Mason talks smart at quite a clip: “Here in Iowa, you’re never going to make Napa Valley Cabernet,” he points out, “but we have just as good – or better – access than anywhere else in the world to what you need to brew beer. It’s a more natural fit for Iowa.” Smart folks play to our strengths.
So far, the local food movement’s stayed on the surface. In most local oriented restaurants, you’ll find a local main ingredient, local garnish, mainstream everything else. (The movement’s working on the “everything else.”) We don’t just ask a restaurant to be locally owned; we ask them to cook with local ingredients too. We’re not at that point yet with beer: craft beer’s in, local’s in, but what about the ingredients in that locally brewed beer? The wool’s being pulled away and the public now knows that ingredient quality matters. We’re making progress in the world of food.

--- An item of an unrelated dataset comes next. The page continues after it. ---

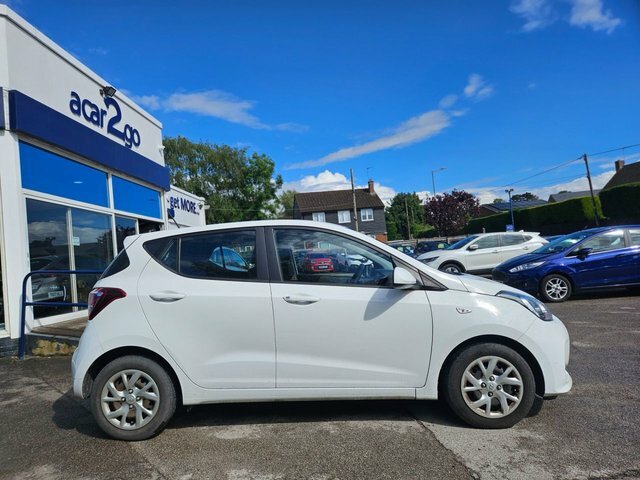 Hyundai I10 1.0 Se Hatchback Euro 6 67 Ps YL19XGB White #5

Mason knows where he’s going, and it’s a direction we’re right on board with: “We’re focusing on barrel-aged and sour beers, and working with local producers.” Currently Madhouse’s most popular beers are their Hopburst IPA and Honey Pilsner, made with local honey. Their Coffee Stout is also made with local coffee roasted at Zanzibar’s in Des Moines: “I run a local winery and a local brewery. I’ll spend a couple extra bucks to work with a local producer,” Mason nods.
Next? Exclusively for New Pi, they’re brewing what we believe is the first Iowa beer available brewed with only Iowa hops and Iowa malted barley!

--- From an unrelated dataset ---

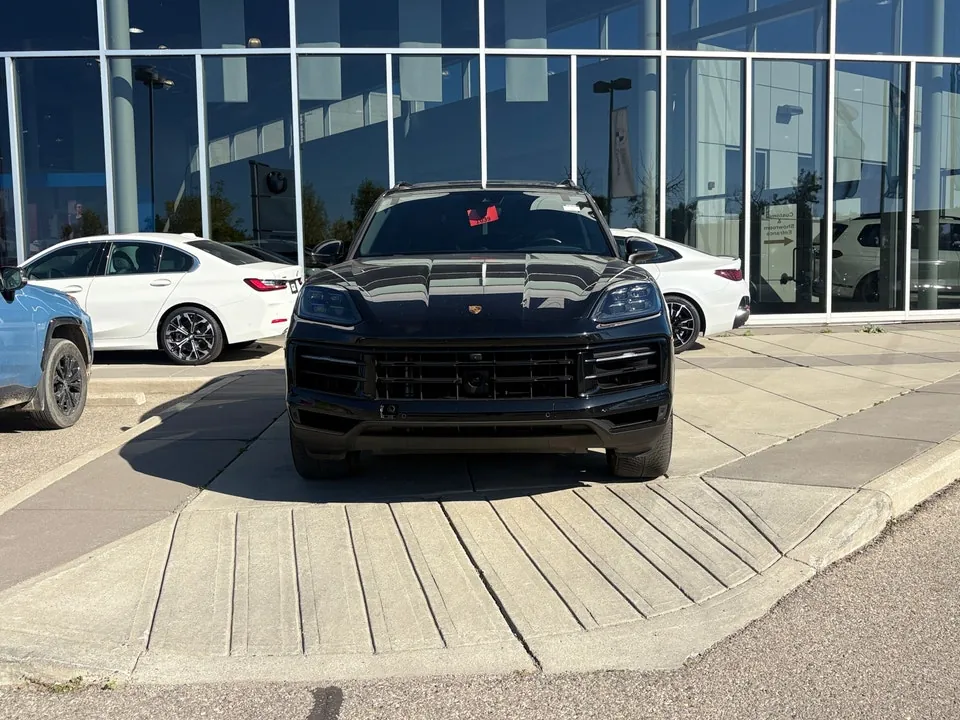 Porsche Cayenne 2024 photo 2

"Pete at Timber Ridge in Osceola had asked me for our spent grain to feed his cattle,” Mason recalls, and it turned into an opportunity for not just effective reuse, but a chance to get locally malted barley to brew with to boot.
Orville is growing hops for as many Madhouse brews as possible, a family operation with his wife Kim and son Austin, who’ll graduate high school next year. “Hops grow 16 feet tall, so we have a field of poles [for them to climb]. We have a hard time keeping up with an acre of hops – picking by hand – but if you like doing it, you find the time!” he chuckles. These are the kind of folks Iowa needs more of.

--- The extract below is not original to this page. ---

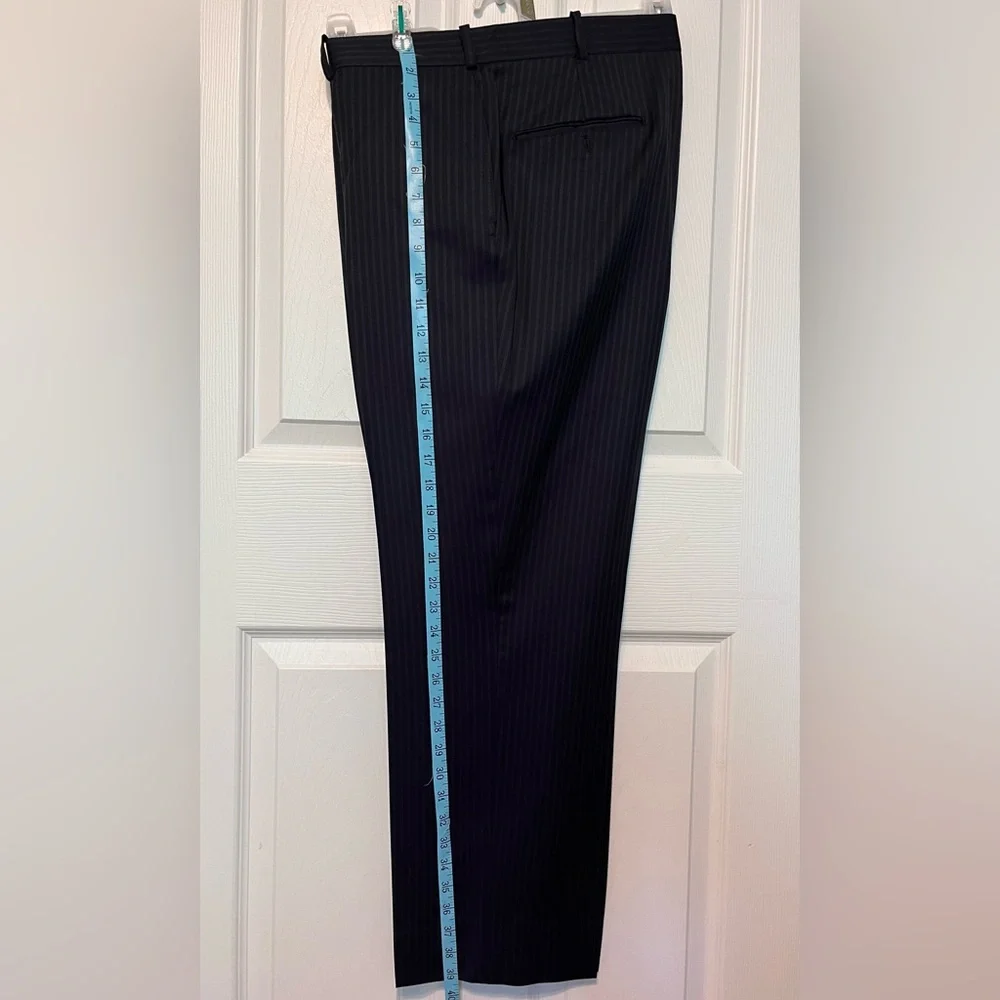 Tom James, Men’s Custom made wool suit, size 50R, pants W40/L 28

You won’t want to miss Madhouse Brewing's upcoming sour beers – even if you think you don’t like sours. “Ours is a clean, American style,” Mason points out, which side steps the barnyard qualities Old World sours tend to have. Mason walks us through the development curve with sour beers: “Of all beer making, it’s the most like winemaking. They’re difficult to make, and they take a long time.” Lactobacillus and yeast are introduced to dry out the beer’s flavor, and it’s aged in oak barrels. “Sours are a very live product,” he explains. “A ‘live’ beer.”
“This is where the artistry and passion come into brewing,” Melissa Arp, New Pi’s Beer, Wine, & Cheese Coordinator, points out.
Madhouse's Brewery is in the Des Moines Market District just south of East Village.
That’s the kind of integrity we go to local producers for, and Mason’s got it in spades. We couldn’t be more pleased to partner with him to bring you excellent Iowa brews.“I spent two years dumping batches, trying to figure out the different chemistry,” Mason shakes his head. He estimates it took a hundred batches before he was satisfied with the result: “We could have sold sour beer a year ago, but they wouldn’t have been this good.”